Solomon nodded in agreement that it was sad as he picked up Jerry and set him up in the passenger seat. He put the wheelchair in the bed of the truck while Becky climbed in on Solomon’s side and slid to the middle.

When they got to Ma’s, Solomon carried Jerry into the living room. I need to build a ramp, he thought. Then he carried the wheelchair in and parked it near Jerry.

Becky chose one of the overstuffed chairs to sit in. “If I get stuck in this chair, will you help me get out of it?”

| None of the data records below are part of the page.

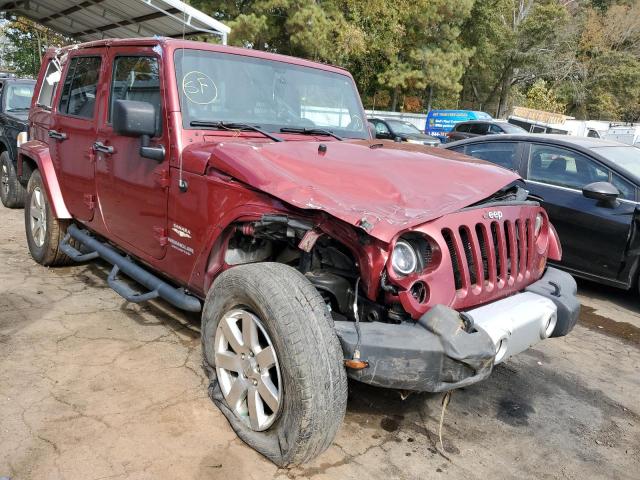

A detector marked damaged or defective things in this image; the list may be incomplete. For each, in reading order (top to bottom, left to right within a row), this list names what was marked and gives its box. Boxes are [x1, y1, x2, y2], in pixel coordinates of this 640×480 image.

damaged red jeep [18, 37, 580, 464]
crushed hood [199, 141, 520, 242]
crumpled front bumper [336, 266, 580, 394]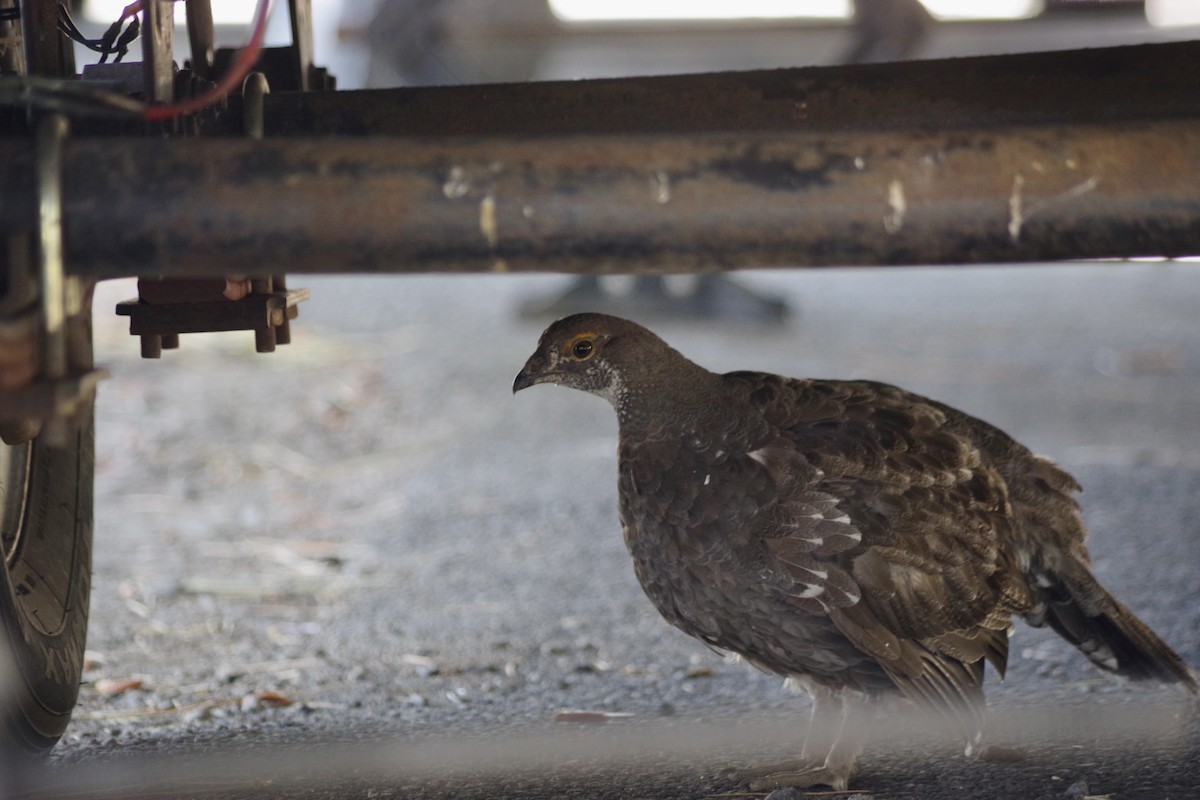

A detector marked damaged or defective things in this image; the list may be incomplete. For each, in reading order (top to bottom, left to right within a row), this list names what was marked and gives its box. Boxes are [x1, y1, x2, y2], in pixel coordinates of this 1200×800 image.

rusty metal beam [0, 117, 1192, 280]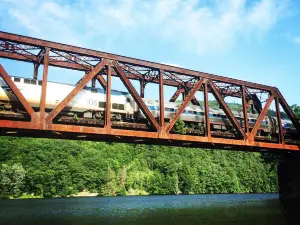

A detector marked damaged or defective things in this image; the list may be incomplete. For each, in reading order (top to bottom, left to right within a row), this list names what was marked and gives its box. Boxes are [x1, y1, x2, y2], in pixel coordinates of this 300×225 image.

rusty steel truss bridge [0, 31, 298, 151]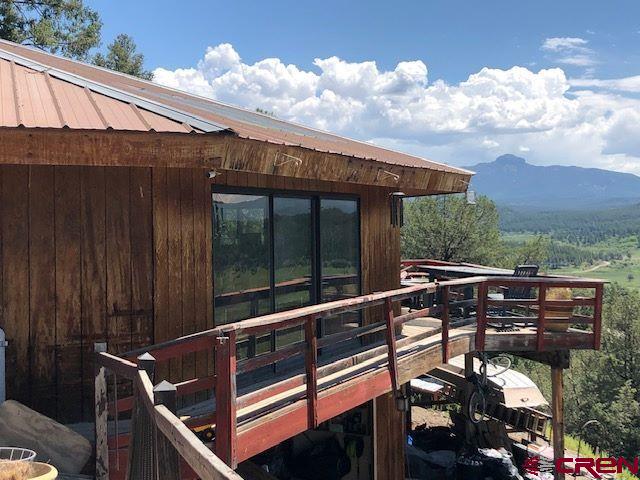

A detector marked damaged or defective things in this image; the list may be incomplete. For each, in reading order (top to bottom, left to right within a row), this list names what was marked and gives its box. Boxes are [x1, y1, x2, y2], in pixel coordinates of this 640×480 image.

Ma had let Bertha move over to the cot where she could be more comfortable as her labor progressed. Solomon pulled a straight-backed chair over to where Ma and Hank were sitting with Bertha. She was lying on her side with her eyes closed. Solomon leaned towards Ma and said, “How’s she doing?”

“She’s having some mild contractions now, but nothing regular,” Ma said.

Solomon nodded and whispered to Ma, “Jerry and Becky are in the living room. Jerry wants to see you.”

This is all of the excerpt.